Amelia Maria Găman, M. A. Găman

Hematological malignancies are severe diseases, fatal when untreated, with a profound psychosocial impact on the patient, family members, friends and society. Scientific discoveries from the last years about the understanding of the pathophysiological mechanisms of hematological malignancies and the innovative modern treatment options (including bone marrow transplantation) have changed in a favourable way the evolution and the prognosis of patients with these diseases, but brought along other consequences on the quality of life, psychoemotional aspects and social insertion. The psychological manifestations are variable, occuring at each transitional point of illness: establishment and communication of diagnosis of the hematological malignancy, beginning of treatment, evolution and disease progression. The factors which influence the psychosocial response are the emotional stability of the person before diagnosis and the existence of a social support (family members, friends, colleagues).
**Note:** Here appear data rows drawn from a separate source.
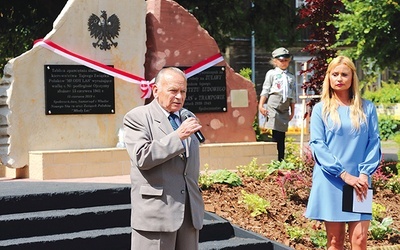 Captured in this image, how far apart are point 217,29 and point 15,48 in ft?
15.4

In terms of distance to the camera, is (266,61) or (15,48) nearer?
(15,48)

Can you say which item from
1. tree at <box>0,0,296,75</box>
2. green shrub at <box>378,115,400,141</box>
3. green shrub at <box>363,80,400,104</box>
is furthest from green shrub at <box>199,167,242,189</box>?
green shrub at <box>363,80,400,104</box>

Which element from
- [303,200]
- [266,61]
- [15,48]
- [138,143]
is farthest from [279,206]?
[266,61]

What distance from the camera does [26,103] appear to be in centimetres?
1127

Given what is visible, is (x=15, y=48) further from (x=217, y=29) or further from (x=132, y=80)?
(x=132, y=80)

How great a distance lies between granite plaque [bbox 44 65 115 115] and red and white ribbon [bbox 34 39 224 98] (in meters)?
0.07

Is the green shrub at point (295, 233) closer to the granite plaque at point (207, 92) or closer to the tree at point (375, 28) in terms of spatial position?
the granite plaque at point (207, 92)

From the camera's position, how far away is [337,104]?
21.8 ft

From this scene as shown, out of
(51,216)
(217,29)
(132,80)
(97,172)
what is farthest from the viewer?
(217,29)

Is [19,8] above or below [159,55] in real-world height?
above

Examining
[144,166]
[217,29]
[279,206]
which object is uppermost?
[217,29]

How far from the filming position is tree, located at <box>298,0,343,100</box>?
1301cm

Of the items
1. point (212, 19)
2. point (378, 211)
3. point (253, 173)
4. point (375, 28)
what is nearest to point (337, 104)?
point (378, 211)

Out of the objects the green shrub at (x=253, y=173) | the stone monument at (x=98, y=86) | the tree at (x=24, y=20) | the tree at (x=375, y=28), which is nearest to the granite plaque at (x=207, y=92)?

The communication of diagnosis determined an acute emotional stress of the patient, family members and friends, because they associated the hematological malignancy with a severe disease, a specific aggressive long-term treatment, frequent and unpleasant side effects (nausea, vomiting, hair loss, sexual dysfunction, neurological complications, neutropenia etc), lenghty hospitalisation, family separation, temporary or definitive loss of social insertion, financial burden. The emotional response of the patient and family to the diagnosis of the hematological malignancy is characterised by shock, disbelief, denial, anxiety, depression, sleep and appetite disturbances, difficulty in performing everyday activities (1, 2, 3).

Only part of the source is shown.